Task to complete:
Which lines in the records below contain the word "Apple"? Report each of them.

= = =

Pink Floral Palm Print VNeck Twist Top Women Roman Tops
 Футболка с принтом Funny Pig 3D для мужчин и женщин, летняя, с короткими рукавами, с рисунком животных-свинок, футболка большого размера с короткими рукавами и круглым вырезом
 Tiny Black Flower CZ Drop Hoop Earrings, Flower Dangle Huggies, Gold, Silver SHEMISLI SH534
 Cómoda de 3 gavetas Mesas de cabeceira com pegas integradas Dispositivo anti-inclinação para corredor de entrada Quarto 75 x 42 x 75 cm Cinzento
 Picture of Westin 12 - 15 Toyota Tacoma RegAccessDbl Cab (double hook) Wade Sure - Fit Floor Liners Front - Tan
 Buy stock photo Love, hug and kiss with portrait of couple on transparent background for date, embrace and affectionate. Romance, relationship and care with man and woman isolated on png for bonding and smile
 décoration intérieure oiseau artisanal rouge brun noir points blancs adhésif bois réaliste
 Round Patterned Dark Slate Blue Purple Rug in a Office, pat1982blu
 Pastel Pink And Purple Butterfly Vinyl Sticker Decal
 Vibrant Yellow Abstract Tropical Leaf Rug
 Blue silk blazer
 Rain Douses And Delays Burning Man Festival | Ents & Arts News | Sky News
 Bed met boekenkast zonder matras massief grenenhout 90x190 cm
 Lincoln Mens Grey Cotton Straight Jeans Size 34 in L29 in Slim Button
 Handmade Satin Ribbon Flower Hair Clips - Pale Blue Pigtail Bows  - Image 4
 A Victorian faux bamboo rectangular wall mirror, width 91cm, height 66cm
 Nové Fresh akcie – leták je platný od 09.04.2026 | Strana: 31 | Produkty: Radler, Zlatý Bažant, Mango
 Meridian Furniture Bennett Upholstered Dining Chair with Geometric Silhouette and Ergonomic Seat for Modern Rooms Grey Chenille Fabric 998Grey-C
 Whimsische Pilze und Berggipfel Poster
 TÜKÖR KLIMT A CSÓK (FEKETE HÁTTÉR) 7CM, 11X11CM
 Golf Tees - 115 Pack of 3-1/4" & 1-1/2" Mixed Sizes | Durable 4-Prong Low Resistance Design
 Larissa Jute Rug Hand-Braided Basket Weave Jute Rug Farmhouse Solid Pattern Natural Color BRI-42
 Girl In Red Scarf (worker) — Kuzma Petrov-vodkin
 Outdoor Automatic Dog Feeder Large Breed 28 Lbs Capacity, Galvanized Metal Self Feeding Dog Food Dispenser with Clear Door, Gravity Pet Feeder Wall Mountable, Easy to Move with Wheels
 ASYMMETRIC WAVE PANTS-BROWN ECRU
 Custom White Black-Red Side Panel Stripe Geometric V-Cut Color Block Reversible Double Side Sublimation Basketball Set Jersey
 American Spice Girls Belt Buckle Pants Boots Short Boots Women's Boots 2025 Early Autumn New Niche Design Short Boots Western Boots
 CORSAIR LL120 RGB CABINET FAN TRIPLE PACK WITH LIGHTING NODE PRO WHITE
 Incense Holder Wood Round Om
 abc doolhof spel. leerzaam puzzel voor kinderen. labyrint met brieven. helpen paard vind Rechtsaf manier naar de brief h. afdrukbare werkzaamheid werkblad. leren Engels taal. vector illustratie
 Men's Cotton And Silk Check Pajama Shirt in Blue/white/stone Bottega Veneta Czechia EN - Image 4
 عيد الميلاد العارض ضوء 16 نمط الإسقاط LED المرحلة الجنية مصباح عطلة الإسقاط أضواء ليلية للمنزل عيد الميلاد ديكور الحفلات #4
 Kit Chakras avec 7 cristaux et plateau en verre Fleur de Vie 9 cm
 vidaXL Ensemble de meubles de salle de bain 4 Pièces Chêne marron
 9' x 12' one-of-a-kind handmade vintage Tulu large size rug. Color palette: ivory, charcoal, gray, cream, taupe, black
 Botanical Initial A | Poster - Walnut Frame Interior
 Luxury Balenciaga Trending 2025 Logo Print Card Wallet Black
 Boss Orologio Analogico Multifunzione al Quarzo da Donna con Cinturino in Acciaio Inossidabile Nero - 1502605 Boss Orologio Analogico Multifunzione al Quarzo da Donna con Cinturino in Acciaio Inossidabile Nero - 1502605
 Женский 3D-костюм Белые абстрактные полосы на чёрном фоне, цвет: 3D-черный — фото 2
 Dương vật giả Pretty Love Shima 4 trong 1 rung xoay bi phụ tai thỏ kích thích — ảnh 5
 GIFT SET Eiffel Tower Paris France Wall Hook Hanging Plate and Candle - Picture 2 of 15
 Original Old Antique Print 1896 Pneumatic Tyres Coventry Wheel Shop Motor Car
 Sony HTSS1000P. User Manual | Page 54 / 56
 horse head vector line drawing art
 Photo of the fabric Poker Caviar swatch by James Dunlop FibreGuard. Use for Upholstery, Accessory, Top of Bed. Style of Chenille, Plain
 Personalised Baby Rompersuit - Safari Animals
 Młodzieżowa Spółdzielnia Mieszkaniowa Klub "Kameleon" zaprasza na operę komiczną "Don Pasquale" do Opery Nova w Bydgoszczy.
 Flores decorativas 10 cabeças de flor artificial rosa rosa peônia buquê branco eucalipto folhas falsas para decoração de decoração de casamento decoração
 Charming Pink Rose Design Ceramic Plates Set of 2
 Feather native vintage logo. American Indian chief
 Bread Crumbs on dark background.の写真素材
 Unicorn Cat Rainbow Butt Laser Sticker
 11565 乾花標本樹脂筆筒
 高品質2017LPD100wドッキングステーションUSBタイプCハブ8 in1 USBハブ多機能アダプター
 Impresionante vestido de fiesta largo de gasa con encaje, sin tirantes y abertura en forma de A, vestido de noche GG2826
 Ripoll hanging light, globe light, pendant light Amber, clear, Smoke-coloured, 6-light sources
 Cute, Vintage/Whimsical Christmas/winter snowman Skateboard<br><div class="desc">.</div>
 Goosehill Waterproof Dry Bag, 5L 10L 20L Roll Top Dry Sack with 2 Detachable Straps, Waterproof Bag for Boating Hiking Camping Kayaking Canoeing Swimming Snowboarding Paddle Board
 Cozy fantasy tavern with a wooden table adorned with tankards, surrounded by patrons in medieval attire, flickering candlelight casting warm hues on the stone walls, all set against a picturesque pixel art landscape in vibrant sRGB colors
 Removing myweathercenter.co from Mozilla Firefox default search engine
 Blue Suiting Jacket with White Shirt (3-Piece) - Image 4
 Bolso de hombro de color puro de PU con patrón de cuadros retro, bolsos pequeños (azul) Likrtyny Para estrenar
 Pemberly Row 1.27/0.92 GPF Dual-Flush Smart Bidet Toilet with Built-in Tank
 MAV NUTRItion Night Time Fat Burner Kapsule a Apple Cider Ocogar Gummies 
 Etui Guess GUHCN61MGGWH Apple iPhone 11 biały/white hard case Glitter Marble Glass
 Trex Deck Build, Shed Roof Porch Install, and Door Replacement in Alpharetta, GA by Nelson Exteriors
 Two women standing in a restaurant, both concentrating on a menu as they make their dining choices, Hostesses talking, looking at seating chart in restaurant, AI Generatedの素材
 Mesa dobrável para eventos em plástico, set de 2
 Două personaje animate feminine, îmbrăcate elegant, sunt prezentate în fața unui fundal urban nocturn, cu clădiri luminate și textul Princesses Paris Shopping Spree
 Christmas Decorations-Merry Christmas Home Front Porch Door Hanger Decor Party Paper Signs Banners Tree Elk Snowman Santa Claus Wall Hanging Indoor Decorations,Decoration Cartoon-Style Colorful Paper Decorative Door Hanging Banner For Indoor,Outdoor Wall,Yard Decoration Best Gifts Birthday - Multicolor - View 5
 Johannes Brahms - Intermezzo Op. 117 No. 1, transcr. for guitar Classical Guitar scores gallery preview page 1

= = =

Exercise result:
 MAV NUTRItion Night Time Fat Burner Kapsule a Apple Cider Ocogar Gummies 
 Etui Guess GUHCN61MGGWH Apple iPhone 11 biały/white hard case Glitter Marble Glass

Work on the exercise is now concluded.